What is being asked. The entries are to be returned exactly as written.

Input data.

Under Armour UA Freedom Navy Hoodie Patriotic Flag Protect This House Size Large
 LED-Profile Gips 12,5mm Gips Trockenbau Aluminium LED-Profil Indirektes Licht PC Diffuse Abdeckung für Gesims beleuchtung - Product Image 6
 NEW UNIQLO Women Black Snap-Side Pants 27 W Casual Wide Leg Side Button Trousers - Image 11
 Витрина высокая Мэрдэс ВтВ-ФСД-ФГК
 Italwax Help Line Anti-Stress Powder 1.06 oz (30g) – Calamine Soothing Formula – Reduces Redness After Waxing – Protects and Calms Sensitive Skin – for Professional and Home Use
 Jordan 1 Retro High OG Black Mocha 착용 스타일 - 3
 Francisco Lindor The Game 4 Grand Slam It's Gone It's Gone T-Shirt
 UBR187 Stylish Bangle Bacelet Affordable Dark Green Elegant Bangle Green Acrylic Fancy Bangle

Answer box.
Under Armour UA Freedom Navy Hoodie Patriotic Flag Protect This House Size Large
 LED-Profile Gips 12,5mm Gips Trockenbau Aluminium LED-Profil Indirektes Licht PC Diffuse Abdeckung für Gesims beleuchtung - Product Image 6
 NEW UNIQLO Women Black Snap-Side Pants 27 W Casual Wide Leg Side Button Trousers - Image 11
 Витрина высокая Мэрдэс ВтВ-ФСД-ФГК
 Italwax Help Line Anti-Stress Powder 1.06 oz (30g) – Calamine Soothing Formula – Reduces Redness After Waxing – Protects and Calms Sensitive Skin – for Professional and Home Use
 Jordan 1 Retro High OG Black Mocha 착용 스타일 - 3
 Francisco Lindor The Game 4 Grand Slam It's Gone It's Gone T-Shirt
 UBR187 Stylish Bangle Bacelet Affordable Dark Green Elegant Bangle Green Acrylic Fancy Bangle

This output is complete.